HIS HONOUR: ... the law requires ...
DEFENDANT: Are you stupid or what? I don't give a shit what you fuckin' say.
HIS HONOUR: ... that I arrange for you to be given free legal assistance by Legal Aid.
DEFENDANT: I don't give a fuck. I couldn't give a shit what you say. What, are you deaf?
HIS HONOUR: ... for the cross-examination of that protected witness....
DEFENDANT: Hey, lardarse, can't you fuckin' hear me?
HIS HONOUR: ... unless you arrange for legal representation ..
DEFENDANT: What are you deaf?
HIS HONOUR: ... or unless you do not want that protected witness to be cross-examined.
DEFENDANT: What the fuckin' talking about, I don't know what you're fuckin' talking about, lardarse.

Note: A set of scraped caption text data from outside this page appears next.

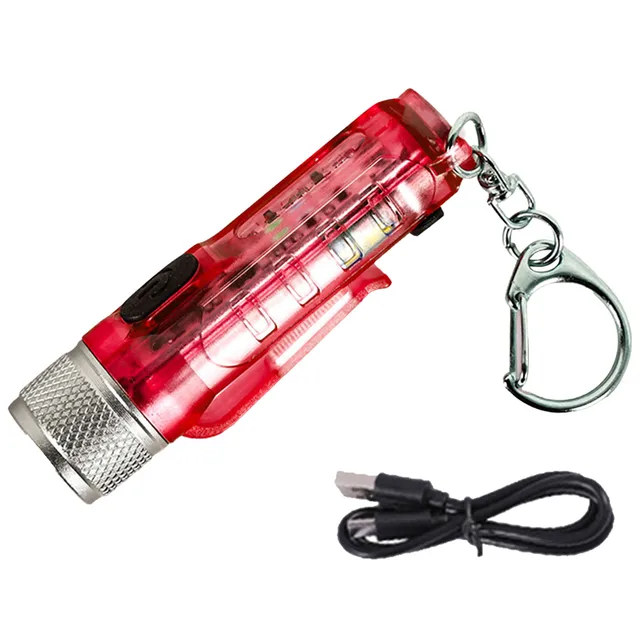 Zaklamp kleine zaklampen felle lange levensduur magneet handheld pen licht zaklamp met hoge lumen voor kamperen -
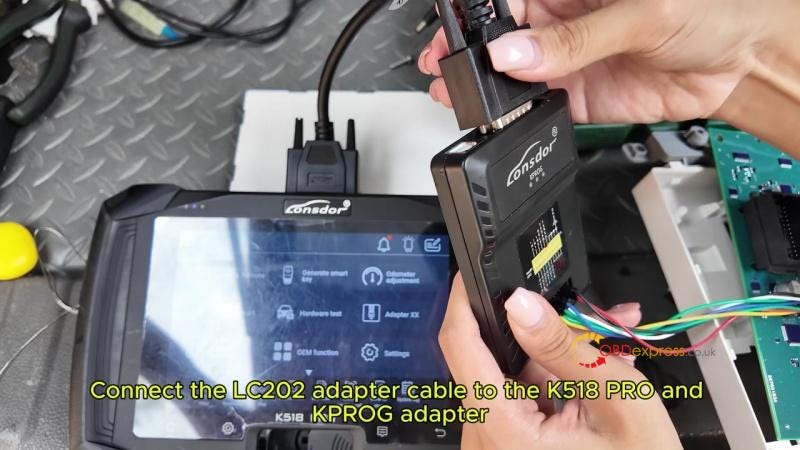 How to Program 2024 Volvo S60 AKL with Lonsdor K518 Pro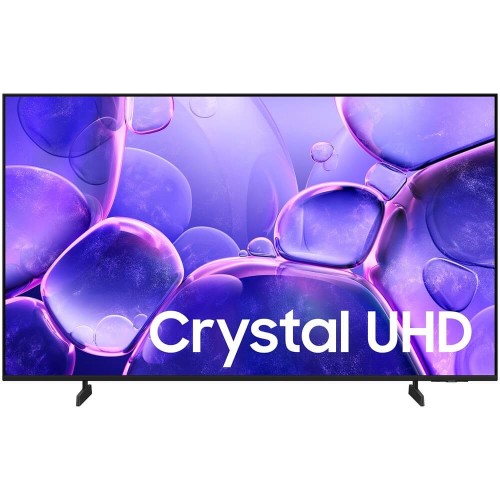 Телевизор ЖК 55'' Samsung/ 55", Ultra HD, Tizen Smart TV, Wi-Fi, Voice, DVB-T2/C/S2, Bluetooth, CI+(1.4),2.0ch 20W, OTS Lite, 3HDMI, 1USB, BLACK 2025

HIS HONOUR: Is there anything that you want to say in relation to me making an order ...
DEFENDANT: Yeah, I don't know what you're fuckin' talking about, you silly old cunt.

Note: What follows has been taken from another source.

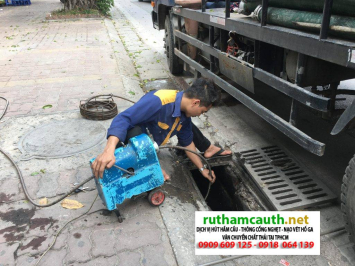 Bảng báo giá dịch vụ rút hầm cầu Phường Bình Trị Đông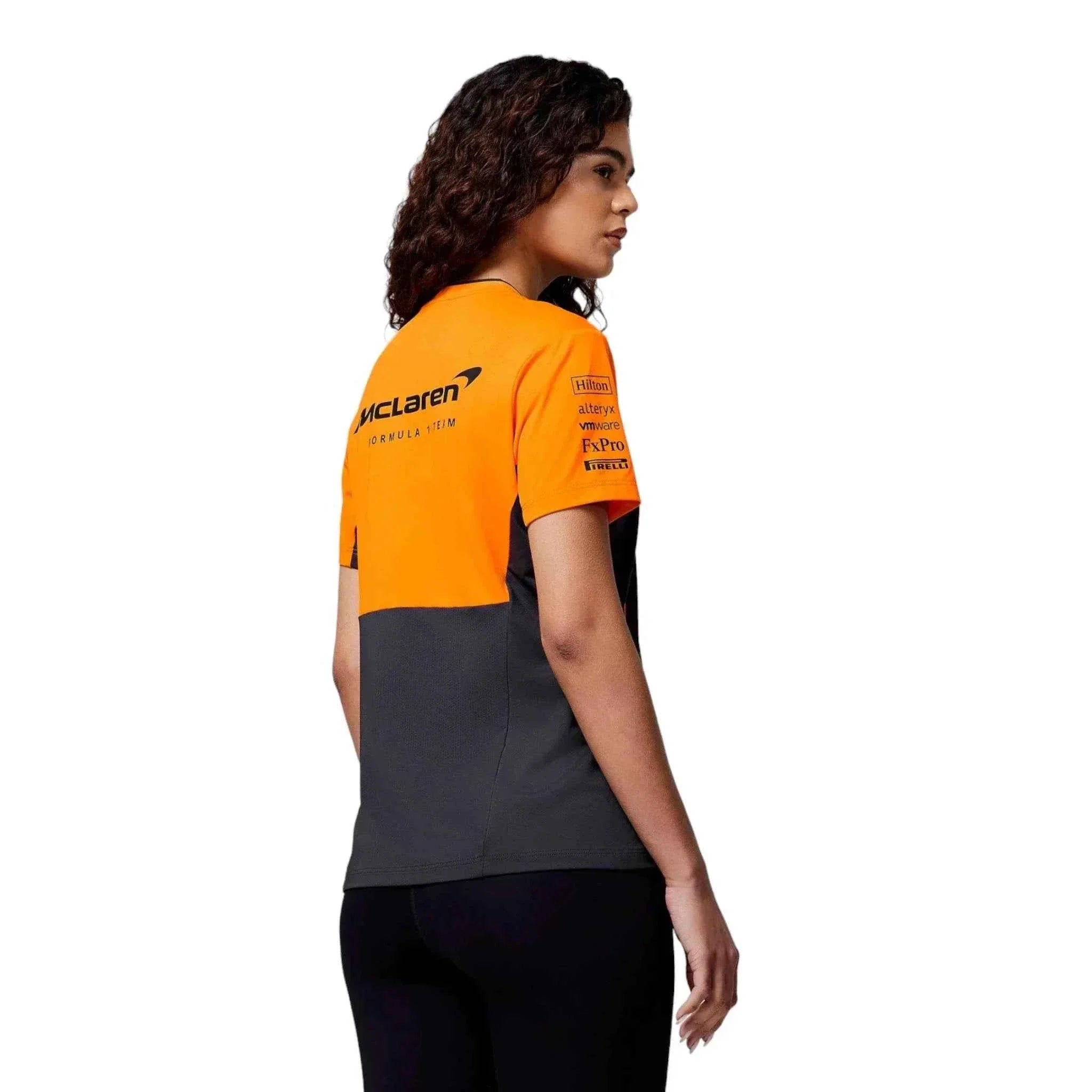 Womens Official Teamwear Set Up T-Shirt Formula 1 Dash Racegear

HIS HONOUR: Thank you for that submission, in which case I order...
DEFENDANT: Well, you can fuckin' order what you like.
HIS HONOUR: ... that Ms R...
DEFENDANT: Order me a fuckin' pizza while you're at it.

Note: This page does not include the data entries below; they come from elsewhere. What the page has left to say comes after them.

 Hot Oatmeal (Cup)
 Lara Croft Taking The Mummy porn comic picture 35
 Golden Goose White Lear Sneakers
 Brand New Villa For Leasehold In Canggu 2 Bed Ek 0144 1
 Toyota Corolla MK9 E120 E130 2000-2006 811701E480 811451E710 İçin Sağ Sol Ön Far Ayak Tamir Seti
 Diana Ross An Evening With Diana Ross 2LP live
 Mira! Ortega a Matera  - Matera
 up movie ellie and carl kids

HIS HONOUR: ... is a protected witness for this proceeding ...
DEFENDANT: Who gives a shit.
DEFENDANT: Wait, what are these two fuckheads doing here then if they're not fuckin' representing me?
HIS HONOUR: I give you leave to withdraw. Thank you both very much for your assistance.
DEFENDANT: Yeah, piss off. Fuckin’ dogs.
Some discussion about the trial opening...
DEFENDANT: What's this fuckin' opening brief and that you're talking about, lardarse?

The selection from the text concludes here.